Or my mother is trying to force me to make a decision I don't (or don't think I should have to) make:
Background: I am currently living at home (in Massachusetts) with my mother, brother, and there are two cars in the household. My car which was brought with my college funds, (but my mother is currently helping me maintain until I get a job), and my mom's car. My brother doesn't have a car, and relies on my mother for rides or borrowing her car. He isn't aloud to touch my car because we have had issues in the past. The three most prominent of which are leaving an illegal drug in a car we once shared that I was driving at the time, recently taking my car without asking (it was I woke up to discover my car wasn't in the driveway situation), and I don't like his driving. He has an app on his phone that tracks police cars and he spends more time paying attention to that than actually driving.

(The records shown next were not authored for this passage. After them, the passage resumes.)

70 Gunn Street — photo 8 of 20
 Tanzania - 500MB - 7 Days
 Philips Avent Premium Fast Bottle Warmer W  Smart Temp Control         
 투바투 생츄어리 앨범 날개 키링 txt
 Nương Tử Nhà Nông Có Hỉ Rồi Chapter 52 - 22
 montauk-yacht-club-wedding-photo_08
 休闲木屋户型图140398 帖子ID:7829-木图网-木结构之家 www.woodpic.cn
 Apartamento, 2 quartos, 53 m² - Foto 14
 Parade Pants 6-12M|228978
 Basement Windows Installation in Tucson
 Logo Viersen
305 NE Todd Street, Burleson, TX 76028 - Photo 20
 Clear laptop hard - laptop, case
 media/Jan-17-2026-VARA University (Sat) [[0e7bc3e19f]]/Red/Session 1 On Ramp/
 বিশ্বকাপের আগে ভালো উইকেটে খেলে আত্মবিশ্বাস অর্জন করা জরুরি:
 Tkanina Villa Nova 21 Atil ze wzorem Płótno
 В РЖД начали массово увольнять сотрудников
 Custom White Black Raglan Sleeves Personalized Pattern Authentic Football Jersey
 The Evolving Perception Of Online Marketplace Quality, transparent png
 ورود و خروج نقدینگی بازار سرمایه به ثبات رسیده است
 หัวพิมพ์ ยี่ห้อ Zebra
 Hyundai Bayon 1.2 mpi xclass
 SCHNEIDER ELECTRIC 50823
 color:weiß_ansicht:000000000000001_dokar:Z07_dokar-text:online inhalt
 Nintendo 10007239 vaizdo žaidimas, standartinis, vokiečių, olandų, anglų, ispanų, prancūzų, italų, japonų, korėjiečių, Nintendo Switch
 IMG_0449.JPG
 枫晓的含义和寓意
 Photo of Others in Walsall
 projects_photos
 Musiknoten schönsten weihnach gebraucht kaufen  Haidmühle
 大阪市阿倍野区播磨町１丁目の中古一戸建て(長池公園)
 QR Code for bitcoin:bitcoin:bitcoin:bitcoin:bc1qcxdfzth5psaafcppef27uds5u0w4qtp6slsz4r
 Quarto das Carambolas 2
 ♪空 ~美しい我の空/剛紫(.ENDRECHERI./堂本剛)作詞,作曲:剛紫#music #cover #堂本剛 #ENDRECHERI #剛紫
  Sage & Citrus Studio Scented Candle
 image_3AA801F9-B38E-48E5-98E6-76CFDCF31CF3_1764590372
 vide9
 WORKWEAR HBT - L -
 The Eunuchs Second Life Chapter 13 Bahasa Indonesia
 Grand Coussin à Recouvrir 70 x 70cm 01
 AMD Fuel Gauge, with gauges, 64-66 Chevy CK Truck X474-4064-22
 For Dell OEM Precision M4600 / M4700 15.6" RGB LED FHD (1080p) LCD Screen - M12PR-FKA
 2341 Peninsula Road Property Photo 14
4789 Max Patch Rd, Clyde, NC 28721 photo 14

My aunt invited me and my mom to her house on Cape Cod next weekend. A Saturday to Sunday trip. My mom wants me to leave my car home alone with my brother. Normally that would be fine if I got along with him, but he also goes into Boston every Friday to spend the weekend with his girlfriend. He is always driven and doesn't come home until later afternoon or even during the evening on Sunday. I don't want to even give him the option of borrowing my car because of his history and his regular schedule. Normally he wouldn't need it. If I give him the option he will take it because he is just that kind of person. For some reason my mom is trying to force me to make a decision. Either let my brother borrow my car or don't go down to the Cape for the weekend. I really want to go, but I just can't trust him. Any suggestions on ways I can convey to my mom she is putting unfair pressure on me. If my brother was going to be stuck out in the suburbs without a car then I would say yes he can borrow it. He is not though, and I don't want to give him the option of borrowing it either.